A Blessing or a Curse? Guest Blog by Lynn Gardner
I wrote plays, road shows, special sacrament meetings programs for Christmas and Easter, leadership skits, then for 20 years, I wrote and edited a family newsletter. It wasn't until my kids began leaving the nest that I seriously began writing an actual book. No, wait! I was writing down a story. I wasn't actually writing a book because I didn't know how. I could tell a story, but there is a big difference in the two. I went to writer's conferences, took classes, bought a gazillion books on how to write, and I actually got published when I was 55!
Twelve books later, for reasons I won't go into here, I stopped telling stories. I stopped writing. Twelve grandchildren. Twelve books. That came out nice and even, and now I'm going to enjoy my grandkids while they still are at the age that gramma's are cool. That was the plan. No more angst. No more rewrites. No more last minute editing - (I can totally empathize with you on that, Stephanie.)
But somewhere between Emeralds and Espionage and Pearls and Peril, fifteen years ago, a ghost story began to haunt me. Year after year I put it aside, pushed it back into wherever it was coming from, and thought I was done with it. A couple of years ago, the ghost burst upon the scene again, demanding to be heard. I didn't have a work in progress, so in order to have something to read at my critique group, I dabbled with the story. But I didn't really want to get back into the writing world so I didn't take it too seriously, and was relieved when our group, which had been together for ten years or more, sort of dissolved because of busy schedules.

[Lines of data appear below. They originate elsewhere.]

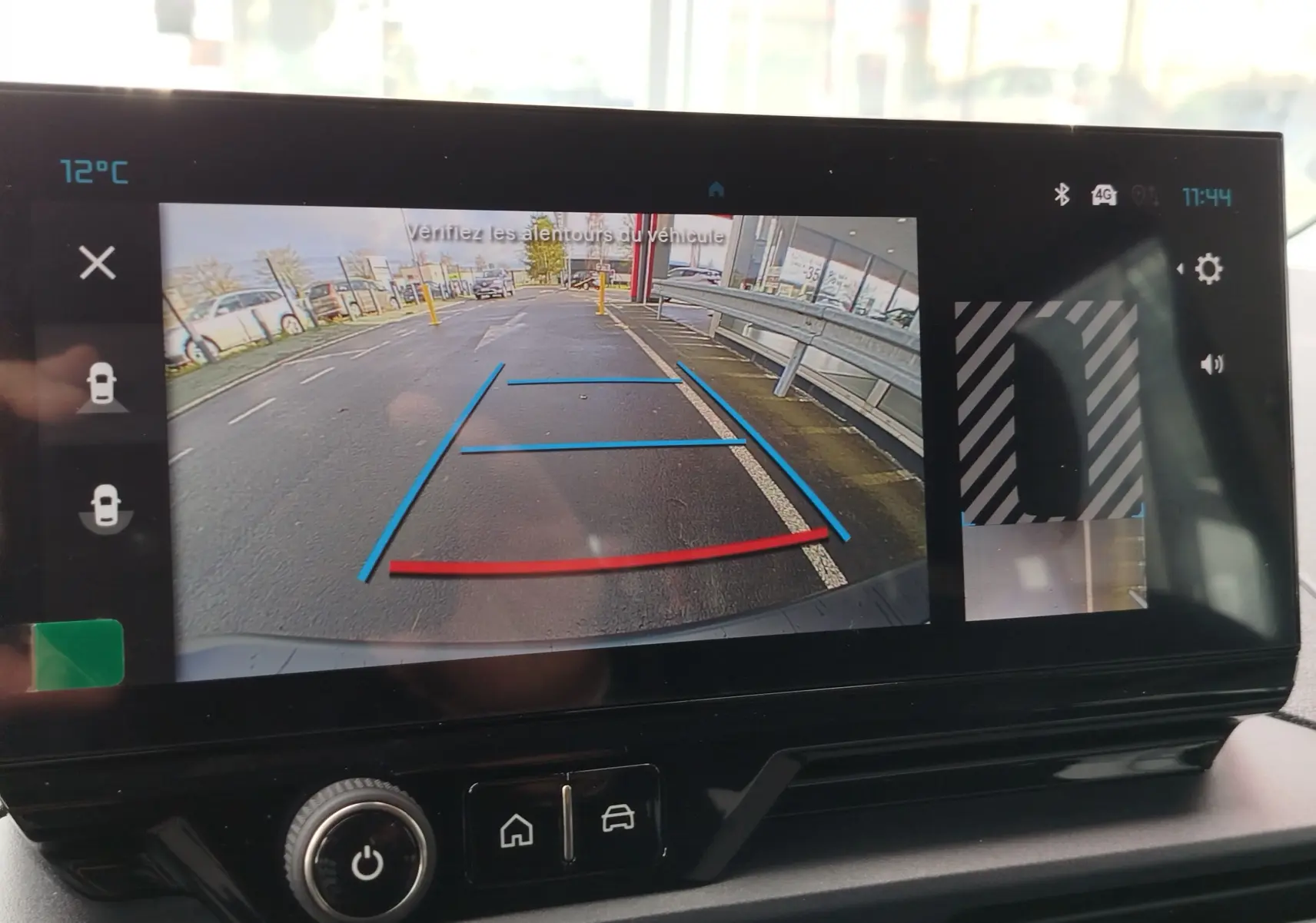 Écran de caméra de recul du Citroën Berlingo bleu Kiarma, affichant la vue arrière avec lignes de guidage colorées.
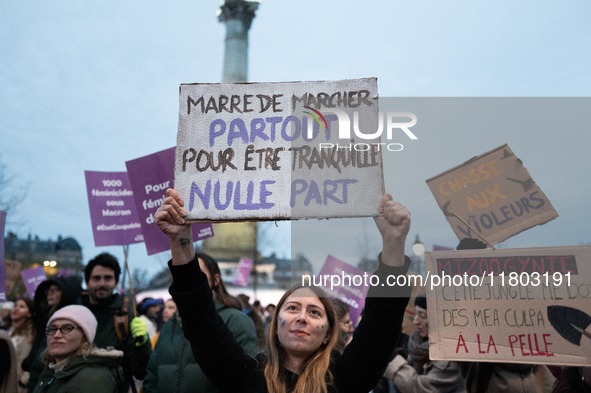 A demonstrator holds a placard reading ''Fed up with walking everywhere for no peace of mind'' during a protest to condemn violence against...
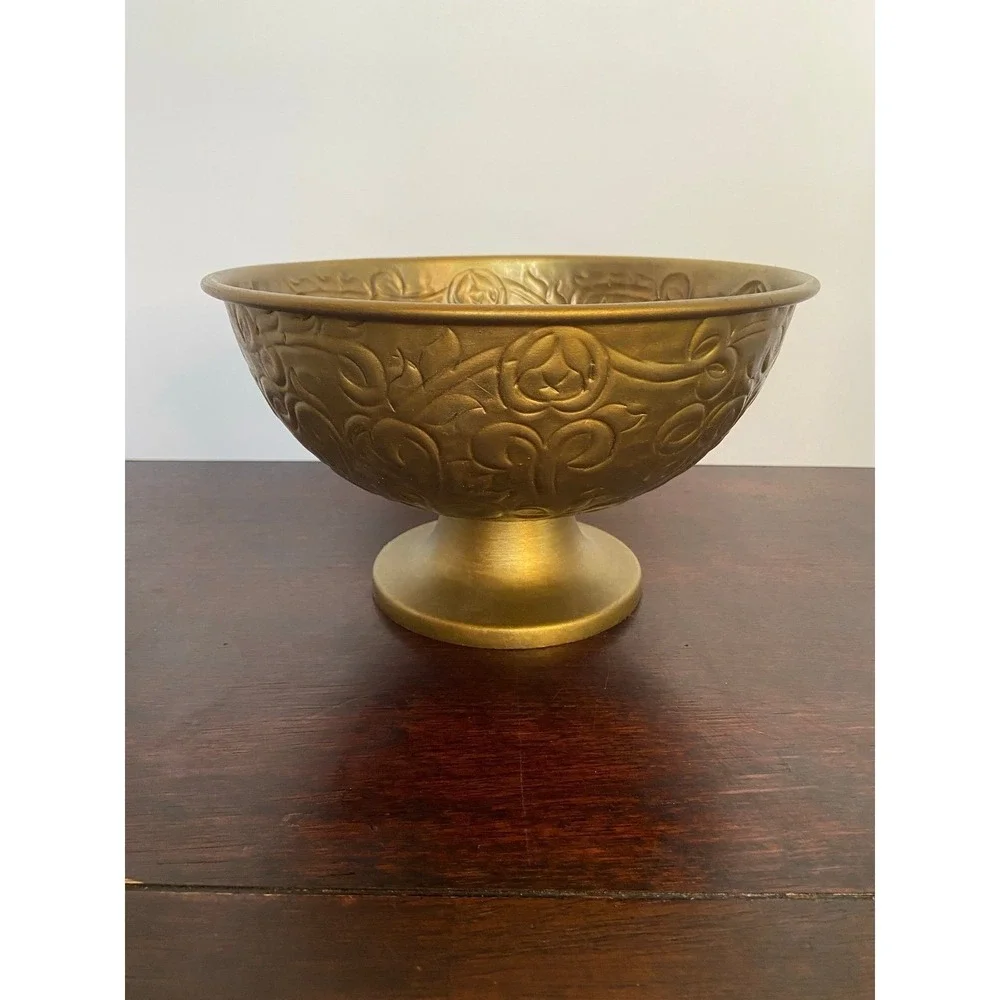 Gold colored pedestal bowl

Great! I really could retire from the writing scene, with the exception of maybe some little gift type books that didn't overtake my life with deadlines and guilt trips when I went to play with my husband or the grandkids.
My husband and I went to Thailand, Cambodia and China two years ago and not a single story line surfaced the entire 27 days we were gone. My husband and two of my daughters were actually quite relieved. They figured I'd been cured and they wouldn't have to suffer the angst with me when people said things like greed wasn't a motive for murder.
But the ghost wasn't about to shoved aside or edited out, or ignored. And so you'll find me harnessing myself to the computer once again and telling the story this ghost is insisting be told. We even took a 5000 mile trip in May visiting sites where the book will take place (on our way to the high school graduation of a granddaughter in Louisiana.)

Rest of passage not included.